** Opening Exercise data block **

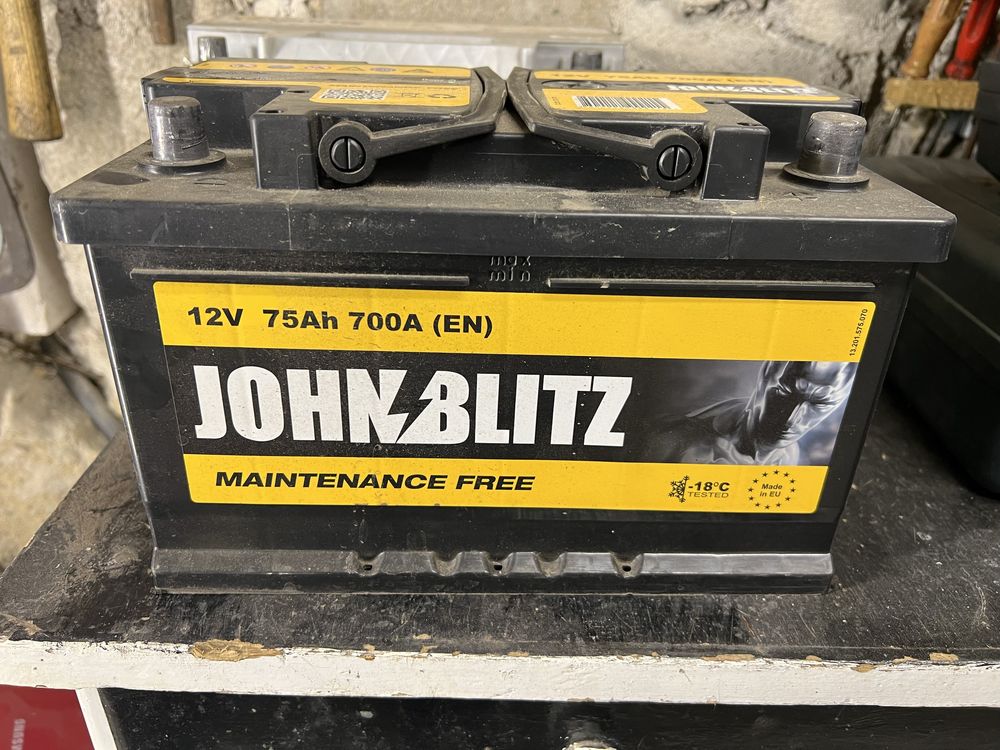 Акумулатор 12V/75Ah JOHN BLITZ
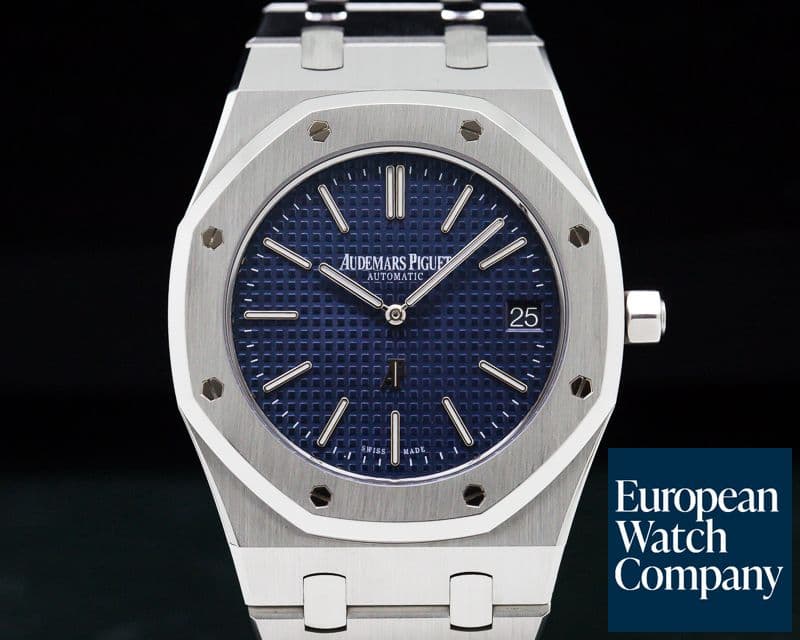 Image of Audemars Piguet Royal Oak Extra Thin Blue Dial SS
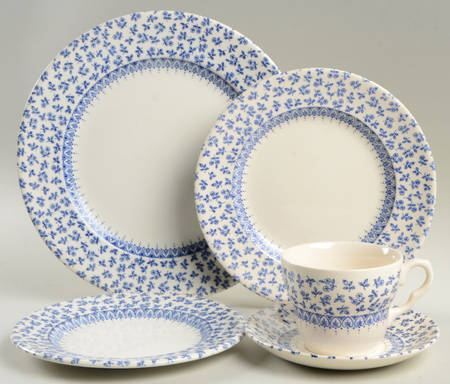 Provence Blue 5 Piece Place Setting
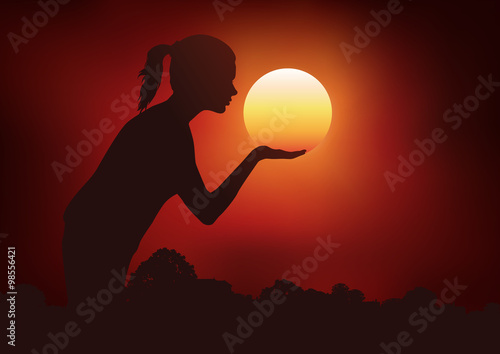 SOLEIL-Femme Main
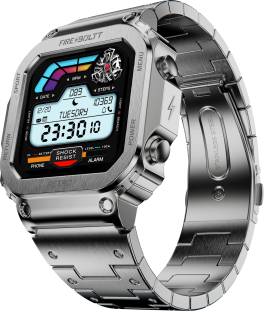Fire-Boltt Retro Smart Watch 1.54" Display, Bluetooth call, Voice Assistance, Steel Straps Smartwatch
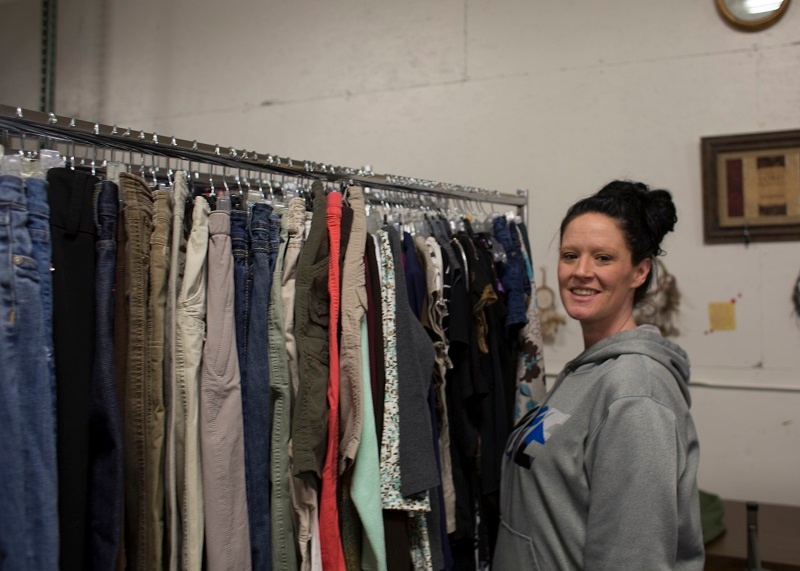 Lacey at the UGM Thrift Store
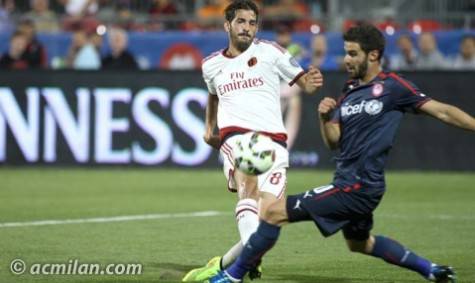 Saponara in azione alla Guinnes Cup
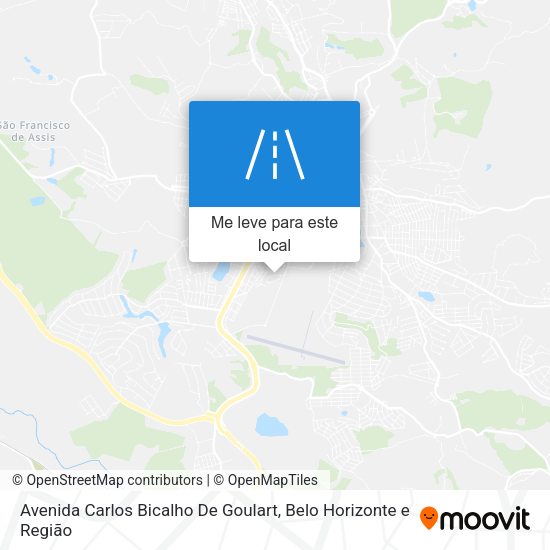 Avenida Carlos Bicalho De Goulart mapa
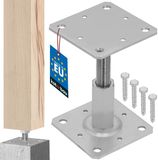 KOTARBAU® Paalhouder, Gegalvaniseerd Staal, 110 x 110 mm, Zilver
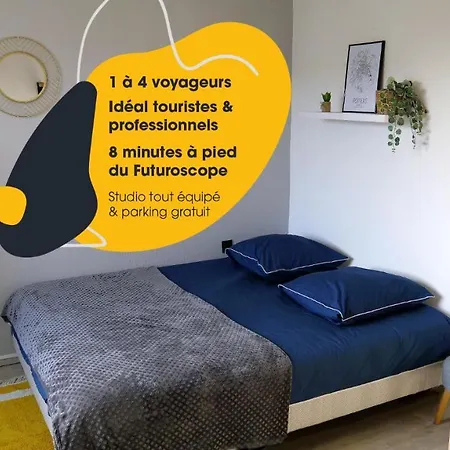 Studio 130 A 8 Min A Pied Du Futuroscope 1 A 4 Pers Apartment Chasseneuil-du-Poitou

** Closing Exercise data block **

Task to carry out:
An exact copy is needed of every line from the one holding "Provence Blue 5 Piece Place Setting" to the end of the entries above, both ends kept and each picture dropped.

Output:
 Provence Blue 5 Piece Place Setting
 SOLEIL-Femme Main
Fire-Boltt Retro Smart Watch 1.54" Display, Bluetooth call, Voice Assistance, Steel Straps Smartwatch
 Lacey at the UGM Thrift Store
 Saponara in azione alla Guinnes Cup
 Avenida Carlos Bicalho De Goulart mapa
 KOTARBAU® Paalhouder, Gegalvaniseerd Staal, 110 x 110 mm, Zilver
 Studio 130 A 8 Min A Pied Du Futuroscope 1 A 4 Pers Apartment Chasseneuil-du-Poitou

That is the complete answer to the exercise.